We run resistivity programs that fit the scale of the job—single-point soundings for a small lot, 2D ERT lines for linear infrastructure, and combined geophysical packages when the subsurface is especially tricky.

Vertical Electrical Sounding (VES)

Single-point depth soundings that map resistivity versus depth at key locations. Ideal for footing investigations, groundwater depth mapping, and bedrock profiling on residential and light commercial lots in Glendale.

2D Electrical Resistivity Tomography (ERT)

Multi-electrode lines that produce continuous cross-sections. We use these for pipeline alignments, slope stability investigations along the Verdugo front, and detecting lateral changes in fill thickness.

Combined Resistivity and SPT Verification

Resistivity data calibrated with one or two targeted borings. The geophysical image guides where to drill, and the drilling logs confirm the resistivity interpretation—reducing the total number of borings needed.

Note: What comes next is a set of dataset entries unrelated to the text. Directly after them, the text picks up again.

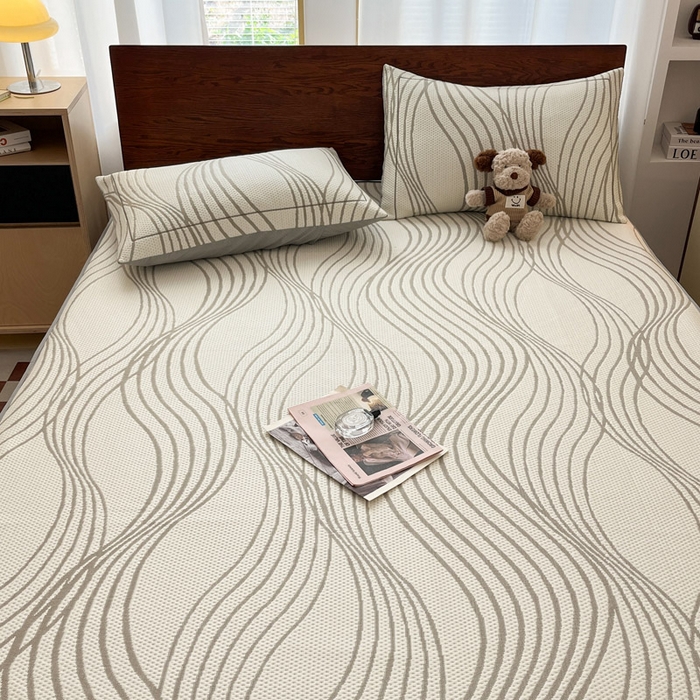 91家纺网 家纺一手货源 找家纺 雅居纺家纺 2025新款A类加厚三明治底简约提花凉感席系列-床笠款 曲线-香槟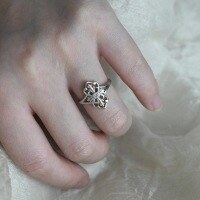 wholesale S925 Sterling Silver Vintage Medieval Cross Fleur-de-Lis Ring, Niche Design with High-End Elegance and Delicate Adjustable Open Band-White gold Adjustable opening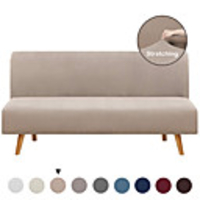 Futon Cover Armless Sofa Slipcover Stretch Sofa Bed Cover Protector Without Armrests Elastic Spandex Modern Simple Mattress Folding Couch Shield Sofa Cover Machine Washable
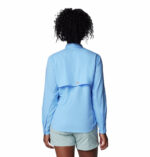 a woman wearing a blue shirt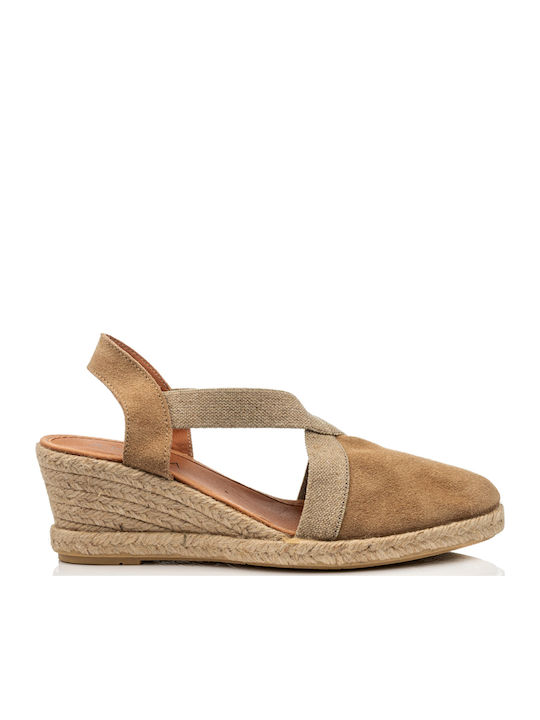 A.NI.MA Women's Leather Platform Espadrilles Beige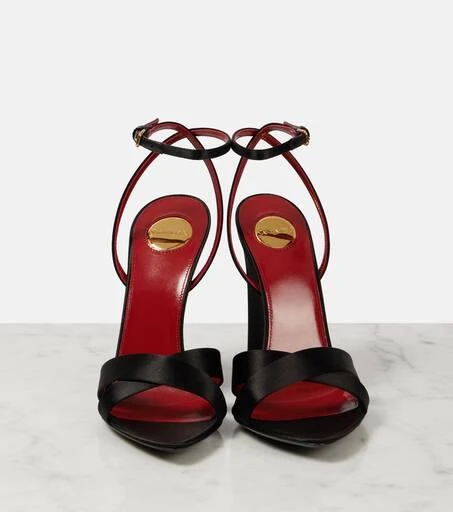 Yves Saint Laurent Bibi 110 crêpe satin wedge sandals 5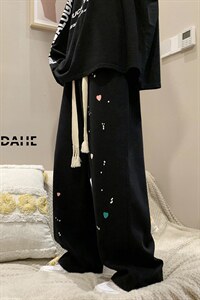 港风 春夏宽松百搭墨点印花休闲牛仔裤直筒裤男女NZ601 P65控88图片
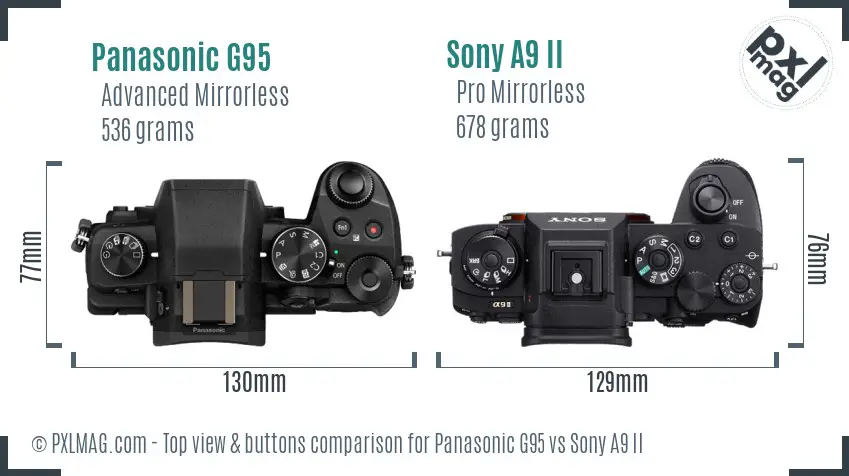 Panasonic G95 vs Sony A9 II top view buttons comparison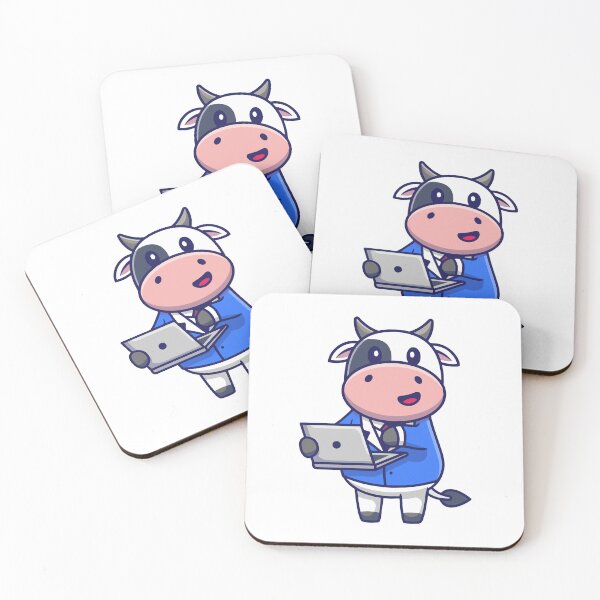 Item preview, Cute Business Cow Working on Laptop Cartoon designed and sold by mintxw.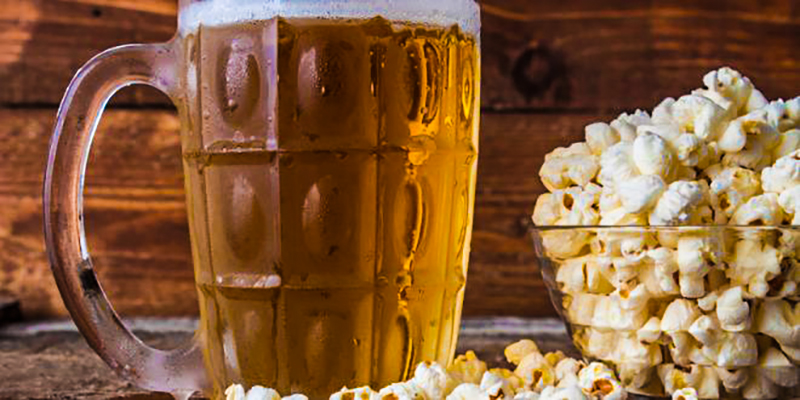 beer and popcorn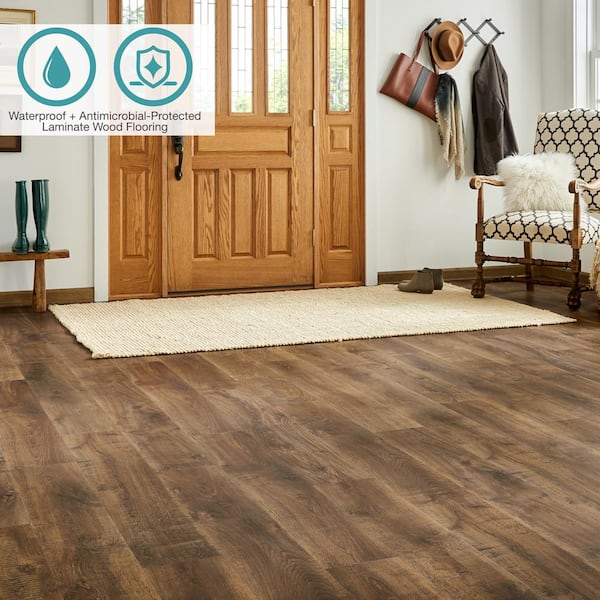 Defense+ Hoboken Oak 14 mm T x 7.4 in. W Waterproof Laminate Wood Flooring (17.2 sqft/case)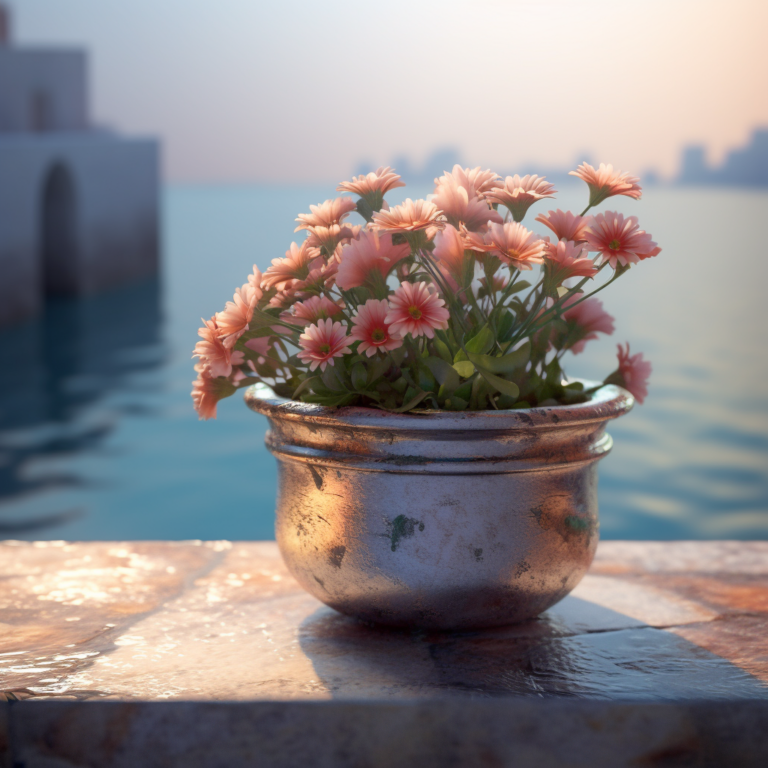 Diamond Painting Bloemen in de Pot voorbeeldafbeelding van het volledige ontwerp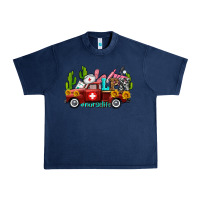 Navy lpn nurse truck with cactus and sunflowers Urban Heavy Tee - AdoDesignShop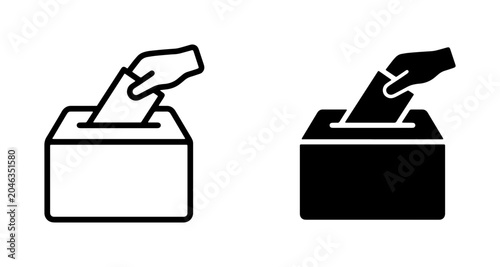 Φωτογραφία Voting Ballot Box Icons, Election Symbol, Democratic Choice, Civic Duty, Governm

Groundwater and Contamination Mapping

Resistivity contrasts help delineate the water table, perched zones, and conductive leachate plumes. Useful for environmental site assessments and dewatering design in the LA River watershed.

Common questions

How much does an electrical resistivity survey cost in Glendale?

For a typical Glendale residential or light commercial lot, a single VES sounding runs between US$700 and US$990. A 2D ERT line with multiple electrodes will be higher, depending on line length and site access. We give a fixed-price scope before we mobilize so there are no surprises.

What depth can a resistivity survey reach on a Glendale hillside?

Depth depends on the maximum electrode spread. With a 50-meter Schlumberger array on a hillside lot, we typically resolve layers down to 20–25 meters. In favorable conditions—dry surface, good electrode contact—we can push deeper. The Verdugo Mountains weathered bedrock usually shows a strong resistivity contrast around 8–15 meters in the foothill neighborhoods.

Can the resistivity method tell me if I will hit groundwater during excavation?

Yes, groundwater is one of the strongest resistivity contrasts in the shallow subsurface. Saturated sands and silts read much lower than dry overburden. We have mapped perched water tables in the Glendale alluvium at depths as shallow as 3 meters. The survey gives you a depth range to expect water, which lets you plan dewatering before you dig.

How long does it take to get results?

Field acquisition for a single VES sounding takes under an hour. We process and invert the data the same day and deliver a preliminary resistivity log within 24 hours. A full report with interpreted cross-sections and correlation to any available boring logs follows within three to five business days for most Glendale projects.